On 29 March 2019 the Delhi High Court recognised, for the first time, the merit of applying Section 20 of the Evidence Act 1872 in technical IP matters (Campus EAI India Pvt Ltd v Neeraj Tiwari). Section 20 of the act treats statements by any person to whom a party in a suit refers as an admission by the party to the suit.
The plaintiff, a software company, sued its former employees for breach of a trade secret and confidential information after they devised a competing software which allegedly plagiarised the plaintiff's product. When the defendants appeared in front of the court, they denied the plaintiff's allegations and suggested that the court engage an Indian Institute of Technology (IIT) expert to analyse the source code of both software programs and advise whether the defendants' software plagiarised that of the plaintiff. The plaintiff initially agreed to this suggestion; however, it subsequently objected to the expert's findings upon a 'clean chit' being given to the defendants' software.
The plaintiff's objections focused primarily on the manner in which the expert had undertaken the enquiry. This gave rise to the interesting legal question of whether a party is entitled to object to the opinion of a referee under Section 20 of the Evidence Act after agreeing to refer the disputed matter to such referee. The court ultimately held that since the plaintiff had agreed to refer the matter to the IIT expert, it was subsequently estopped from challenging the expert's opinion.
In this type of dispute, both parties generally rely on their respective experts and submit substantial amounts of evidence. This not only results in a considerable delay, but also requires the court to sift through complicated evidence. However, as the parties in the case at hand had jointly agreed to engage the IIT expert, the court was able to adjudicate the matter early by:
- applying the principle enshrined in Section 20 of the Evidence Act; and
- binding both parties to the expert's opinion.

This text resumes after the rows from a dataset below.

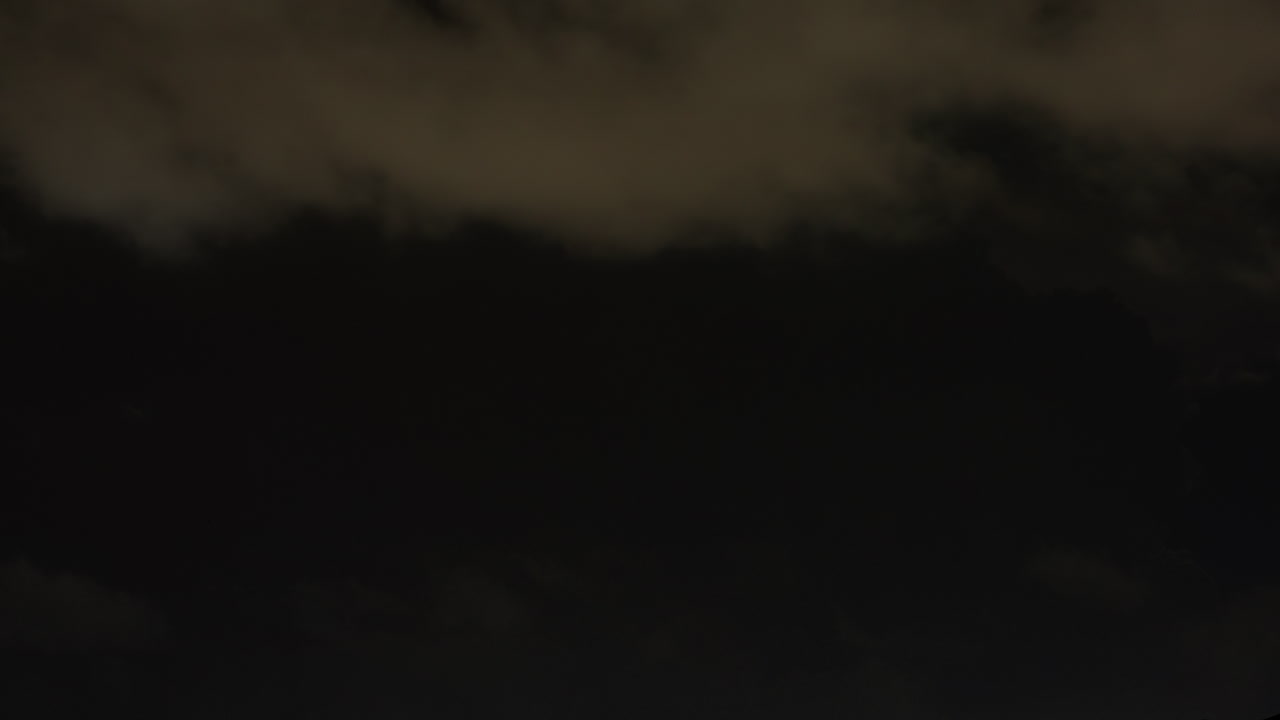 Cloudscape filled with lightning bolts and deep colors during a fierce storm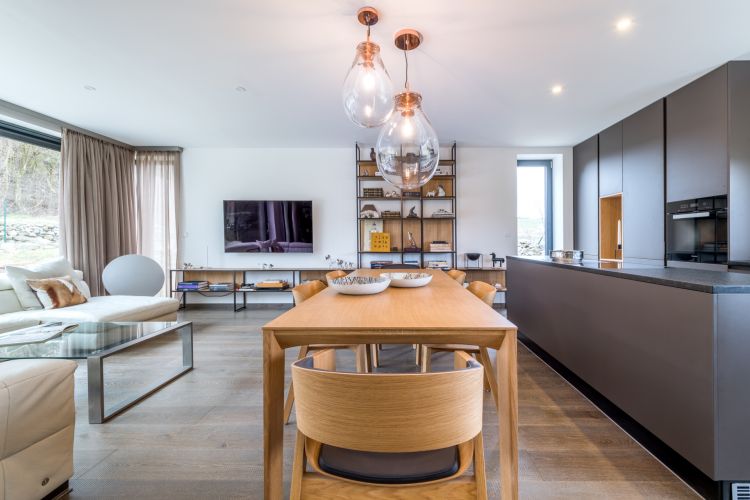 Elegant home interior featuring a modern kitchen and the Merano chair and armchair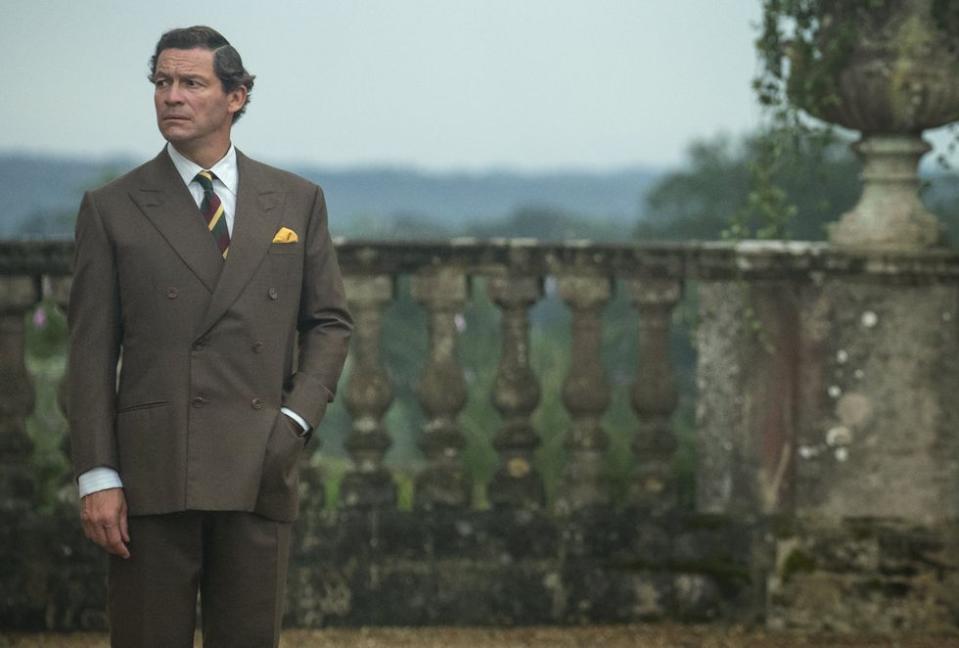 a man in a suit standing in front of a stone wall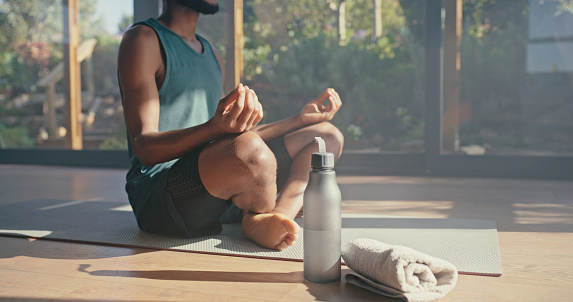 Meditation hands, black man and lotus on mat in home of mental health, zen and pilates. Closeup, yoga and guy meditate on floor for wellness, exercise energy and fitness workout for chakra mindset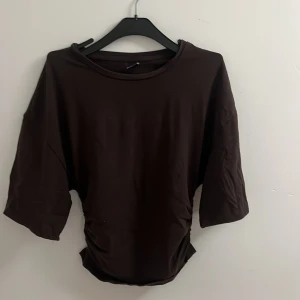 Brun topp med rynkade sidor - Mörkbrun topp med rund halsringning. Toppen har snygga rynkade detaljer i sidorna som ger en cool och modern look. Tillverkad i mjuk bomull som känns skön mot huden. Perfekt för dig som gillar en enkel men trendig stil.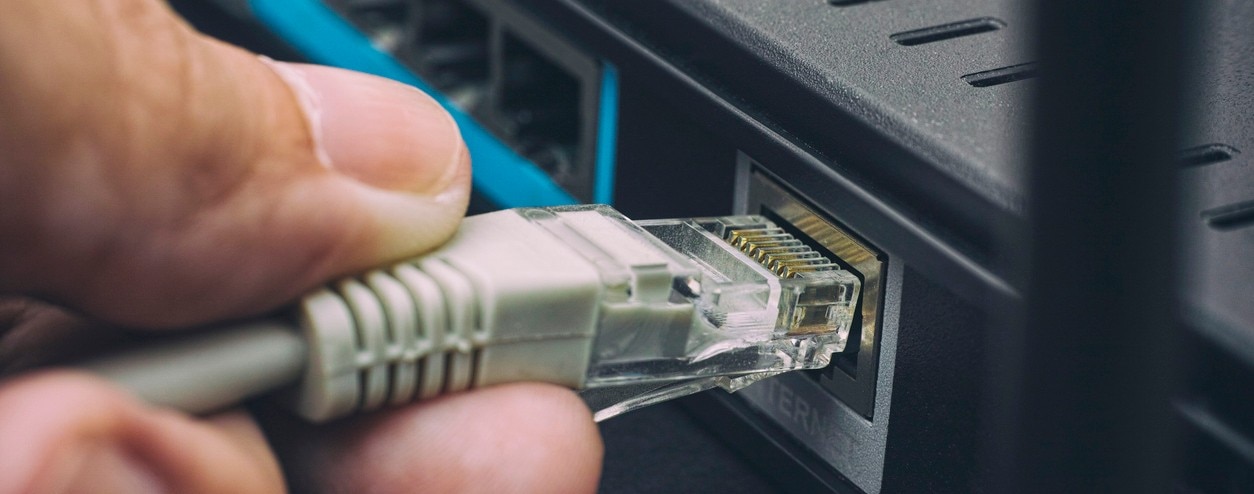 Person plugging in cable to wireless router. Close up.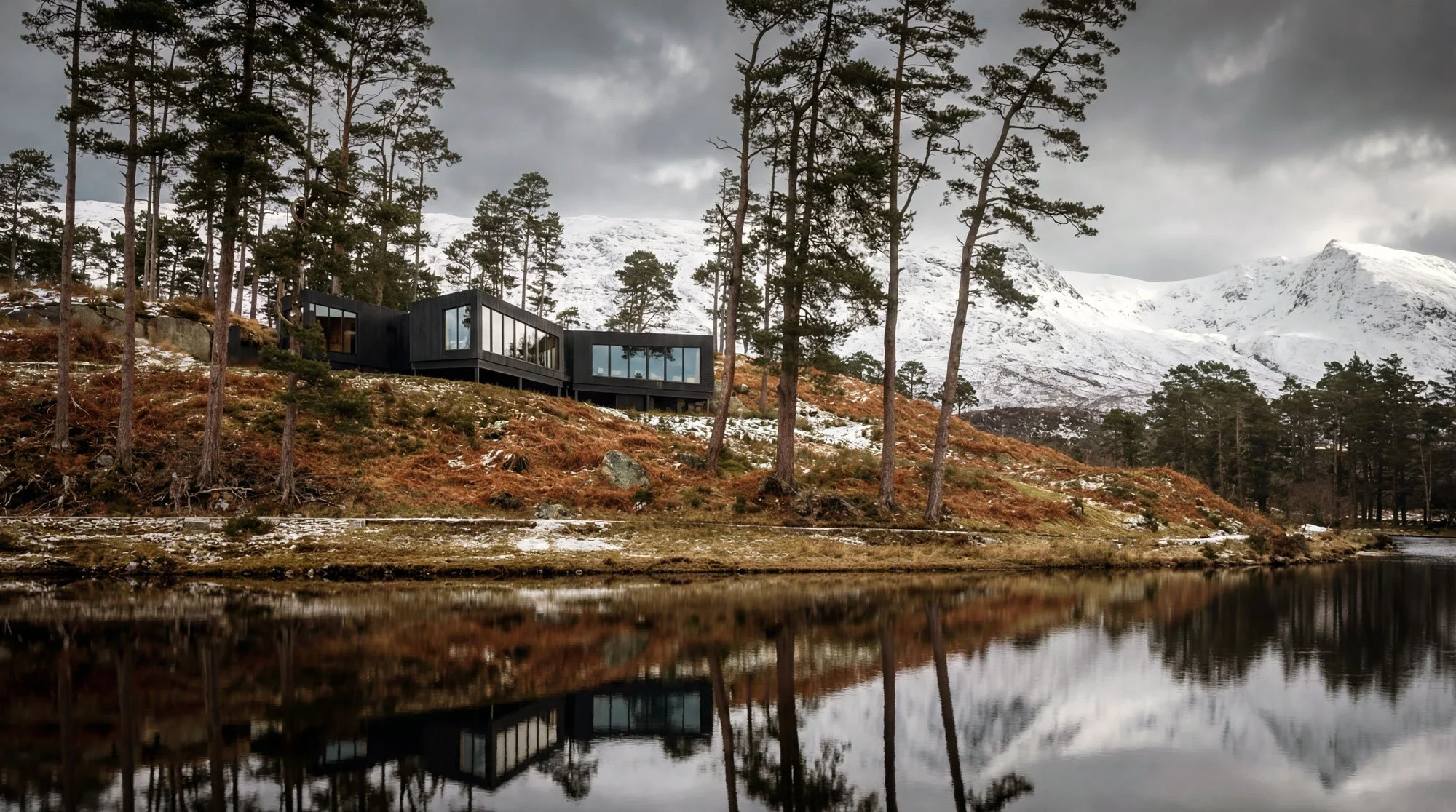 Cabin by a lake in pine forest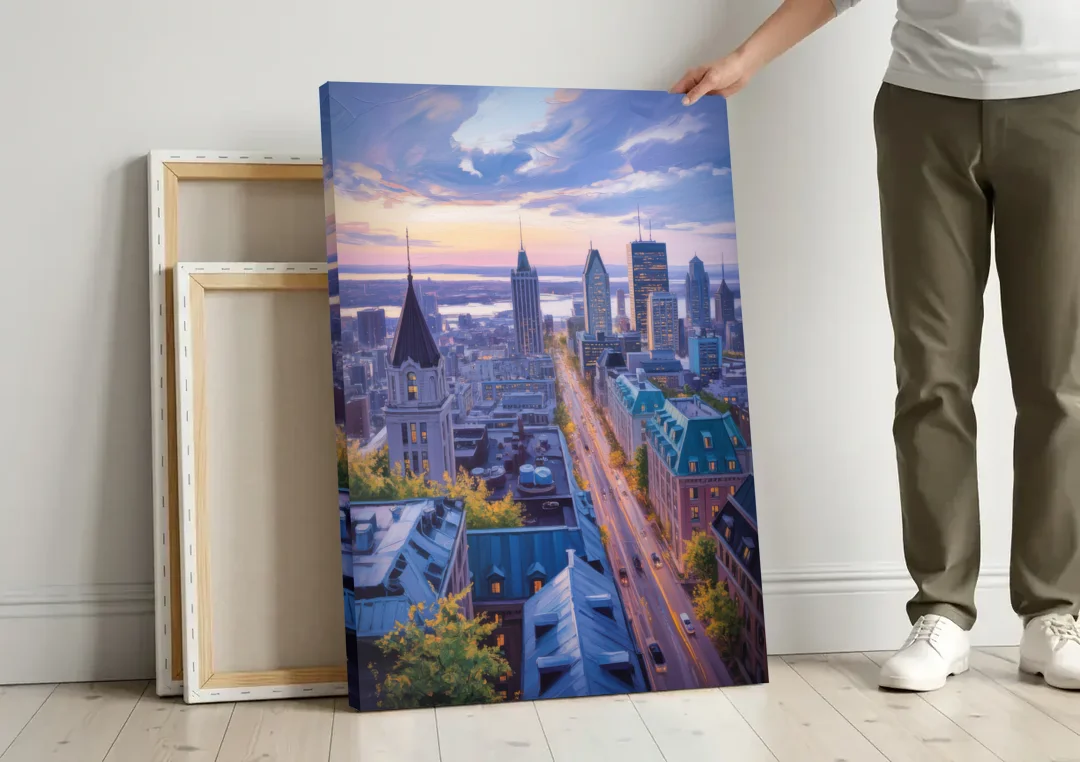 Montreal Rooftop View canvas wall art leaning against a wall next to blank canvases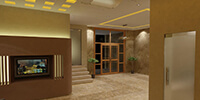 the entrance lobby of a modern office with cream color stone flooring and hidden ceiling lights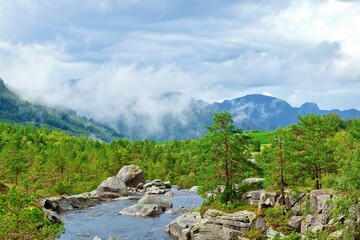 Fototapeta na wymiar Small stream flows through the rocky area surrounded by lush green mountain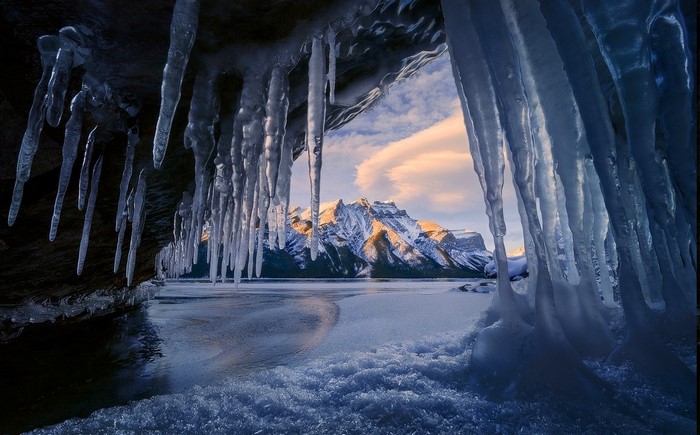Ice cave overlooking snowy mountain and lake at sunrise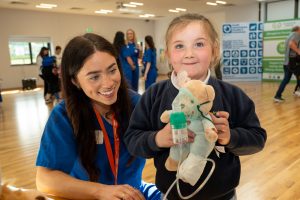 Medical students from the Child Health Society at Ulster University’s Magee College campus put on their scrubs in the Waterside Shared Village as they hosted a Teddy Bear Hospital for children. Families from Altnagelvin Parents Group came together as children grabbed their stethoscopes, x-ray machines and other medical equipment check on the health of their teddys. Student Jasmine Gallagher helps Sophie Wilson with her teddy's oxygen supply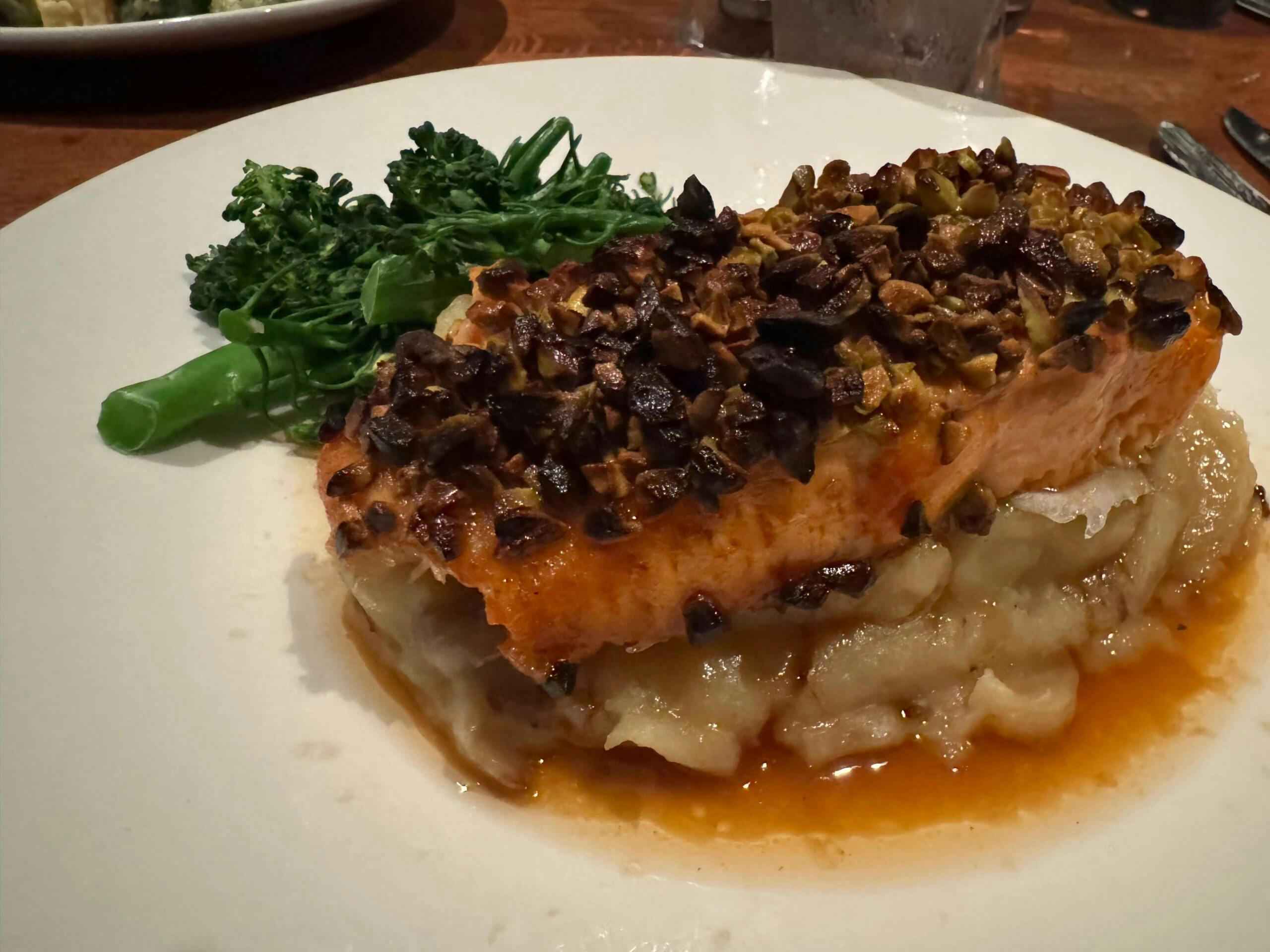 pistachio encrusted maple glazed salmon on a bed of mashed potatoes with broccoli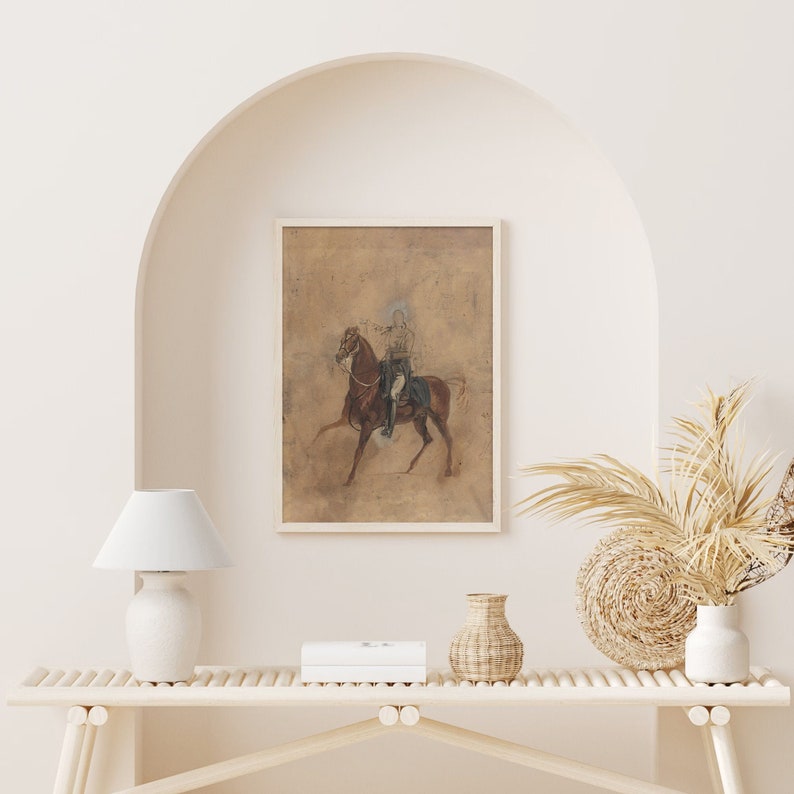 May include: A framed sepia-toned drawing of a person on horseback. The drawing is on a textured paper background and is framed in a simple white frame.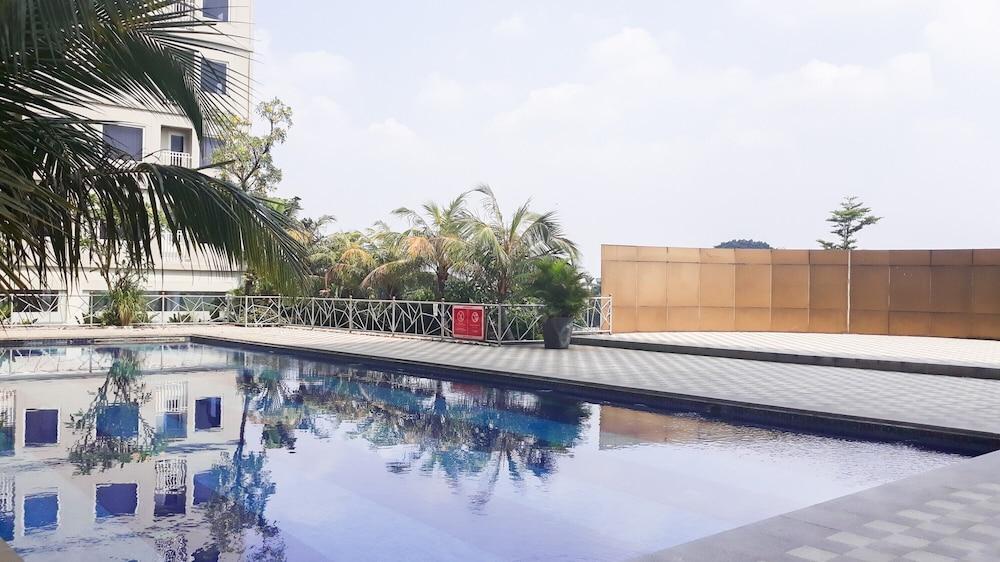 Cozy and Simply Studio Titanium Square Apartment Waterslide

The key questions that arose in this case centred on:
- when Section 20 of the Evidence Act can be applied; and
- how it affects the adjudication of a matter.
Section 20 of the Evidence Act applies only when both parties to a suit jointly agree to seek the opinion of a third party on a disputed matter. In so doing, both parties automatically agree to be bound by the opinion of such third person. Thus, Section 20 can be an effective tool for enabling a party to call the other's bluff without the need for a protracted trial. The Supreme Court discussed the rationale behind Section 20 in Hirachand Kothari vs State of Rajasthan (1985 (Supp) SCC 17) as follows:
7. Section 20 of the Evidence Act reads as follows: '20. Admissions by persons expressly referred to by party to suit. —Statements made by persons to whom a party to the suit CS(OS) 482/2016 Page 19 of 31 has expressly referred for information in reference to a matter in dispute are admissions. Section 20 is the second exception to the general rule laid down in Section 18. It deals with one class of vicarious admissions that demand of persons other than the parties. Where a party refers to a third person for some information or an opinion on a matter in dispute, the statements made by the third person are receivable as admissions against the person referring. The reason is that when a party refers to another person for a statement of his views, the party approves of his utterance in anticipation and adopts that as his own. The principle is the same as that of reference to arbitration. The reference may be by express words or by conduct, but in any case, there must be a clear admission to refer and such admissions are generally conclusive. (Emphasis added.)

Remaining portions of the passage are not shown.